En outre, grâce à sa manne financière et à ses placements, le Qatar s’affirmer comme un médiateur d’envergure, parrainant des accords de paix signés en temps record.
Pour ce faire Doha n’hésite pas à investir dans les pays concernés par le conflit qu’elle tente de résoudre, sans véritablement en connaitre l’histoire ni la spécificité. C’est probablement la raison pour laquelle la plupart de ses succès diplomatiques ne se maintiennent pas sur le long terme. Nous donnerons l’exemple de l’une de ses médiations les plus réussies, celle qu’il effectue au Liban en 2008 afin de mettre en évidence l’importance de ses investissements dans sa quête d’influence.
Dans un contexte politique et social tendu, doublé d’un vide institutionnel, les partis libanais (TOUS dotés de milices) formant déjà deux coalitions adverses en viennent aux armes. Seul le Qatar arrive à obtenir une cessation des hostilités, en raison de sa neutralité en comparaison à d’autres Etats dont le passé est chargé d’interventionnisme dans les affaires libanaises. Il est donc l’interlocuteur idéal pour mener les négociations visant à sortir le pays de l’impasse, d’autant plus que celles-ci interviennent après les affrontements armés, ne laissant d’autre choix aux Libanais que de l’accepter pour éviter la guerre.
Cette médiation est par ailleurs souvent perçue comme étant le résultat d’une désignation par les Etats-Unis et la France qui n’interviennent pas directement en raison de leur soutien à certaines factions locales. L’émirat confirme ainsi être un partenaire moyen-oriental incontournable pour ces puissances, entre autres en raison des intérêts économiques qu’il y a développé. Il est de même proche de Damas et de Téhéran, parrains de l’opposition qui a remporté les combats sur le terrain.

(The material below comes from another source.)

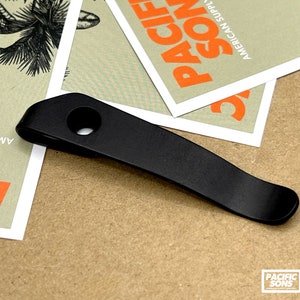 Puede incluir: Llavero de metal negro con un agujero en el centro. El llavero es curvo y tiene un extremo redondeado. El llavero está sobre una superficie marrón.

En outre, ses investissements en Syrie, au Liban et plus globalement sa manne financière constituent autant de moyens de pression pour faire aboutir la médiation. Ainsi, au lendemain de l’accord signé à Doha entre les factions Libanaises en mai 2008, le volume des échanges entre le Qatar et le Liban augmente considérablement, passant de 55 millions de dollars en 2005 à 93 millions en 2009 [17]. De même, la Syrie, qui jouit toujours d’une influence à Beyrouth, n’entrave pas la signature de cet accord en raison d’investissements importants réalisés par le Qatari Diar Real Estate Company sur son sol [18]. Nous citons entre autres l’ouverture d’une branche du Qatari Diar, la Qatari Diar Syria, chargée de plusieurs projets à travers le pays dont un complexe hôtelier à Lattakié, d’un montant de 350 millions de dollars [19]. Nous citons également la mise en place de la joint-venture Qatari-Syrian Holding Company, d’un capital de 5 milliards de dollars, chargée d’investir dans l’immobilier, le tourisme et l’industrie [20]. D’autre part, Doha développe ses activités à Damas dans le secteur bancaire. La Qatar National Bank (QNB) possède 49% de la Qatar National Bank Syria et la Qatar International Islamic Bank englobe diverses institutions syriennes telles que la Syria International Islamic Bank, Syria International Insurance Company et Syrian Qatari Takaful Insurance [21]. Un partenariat autour du gaz semblait également intéresser Doha, qui projettait de faire passer par la Syrie un pipeline vers la Turquie puis à destination des marchés européens [22]. Ces investissements revêtent certes des intérêts économiques mais sont aussi porteurs d’enjeux politiques dans la mesure où ils participent à sortir Damas de son isolement diplomatique. En effet, à la demande de la France, le Qatar joue un rôle important dans la réhabilitation de la Syrie sur la scène internationale à partir de 2007. Le régime de Bachar el Assad avait en effet été « boycotté » depuis 2005 car accusé de l’assassinat du premier ministre libanais Rafic Hariri. Cette réhabilitation sera toutefois de courte durée en raison de la guerre qui éclate en 2011.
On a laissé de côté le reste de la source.